C. Registered and Used in Bad Faith
Whether a domain name is registered and used in bad faith for purposes of the Policy may be determined by evaluating four (non-exhaustive) factors set forth in the Policy: (i) circumstances indicating that the registrant has registered or the registrant has acquired the domain name primarily for the purpose of selling, renting, or otherwise transferring the domain name registration to the complainant who is the owner of the trademark or service mark or to a competitor of that complainant, for valuable consideration in excess of the registrant’s documented out-of-pocket costs directly related to the domain name; or (ii) the registrant has registered the domain name in order to prevent the owner of the trademark or service mark from reflecting the mark in a corresponding domain name, provided that the registrant has engaged in a pattern of such conduct; or (iii) the registrant has registered the domain name primarily for the purpose of disrupting the business of a competitor; or (iv) by using the domain name, the registrant has intentionally attempted to attract, for commercial gain, Internet users to the registrant’s website or other online location, by creating a likelihood of confusion with the complainant’s mark as to the source, sponsorship, affiliation, or endorsement of the registrant’s website or location or of a product or service on the registrant’s website or location. Policy, paragraph 4(b).
In this case, Complainant does not allege with specificity which, if any, of the factors described in the Policy apply to Respondent. However, Complainant implies that Respondent’s activities constitute bad faith as set forth in Policy, paragraph 4(b)(iv), given the use of websites by Respondent in connection with the Disputed Domain Names that contain travel and ticketing-related services. In previous decisions under the Policy involving Complainant and the TICKETMASTER Trademarks, other panels have found that similar actions constitute bad faith. See, e.g., Ticketmaster Corporation v. IT-Norind, WIPO Case No. D2004-0068.
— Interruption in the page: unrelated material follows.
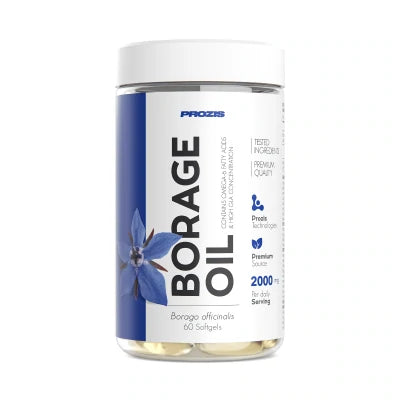 Olio di Borragine 1000 mg - molli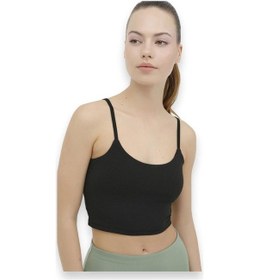 Resim Lumberjack 4m Wb Nova 10ct1007 4fx Atlet Siyah Kadın Atlet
In addition, Respondent’s actions appear to constitute bad faith under Policy, paragraph 4(b)(ii), in light of the “pattern” shown by the multiple domain names at issue in this proceeding. Ticketmaster Corporation v. Bill Hicks, WIPO Case No. D2004-0400 (“Respondent’s registration of more than a hundred domain names, all containing some variation of the famous TICKETMASTER mark, is conclusive evidence both of an effort to prevent Complainant from reflecting its mark in these domain names and of a pattern of such conduct.”)
Furthermore, Respondent’s e-mails discussed above do not contradict Complainant’s allegations of bad faith and, to the contrary, implies that Respondent may have acted in bad faith.
Therefore, the Panel is convinced that Complainant has proven the third element of the Policy.
For all the foregoing reasons, in accordance with paragraphs 4(i) of the Policy and 15 of the Rules, the Panel orders that the domain names <freeticketmaster.com>, <ticketmasterbuy.com>, <ticketmasterdiscount.com>, <ticketmasterdiscounts.com>, <ticketmastershow.com>, <ticketmastertours.com>, <ticketmastertrips.com> and <ticketmastervacation.com> be transferred to Complainant.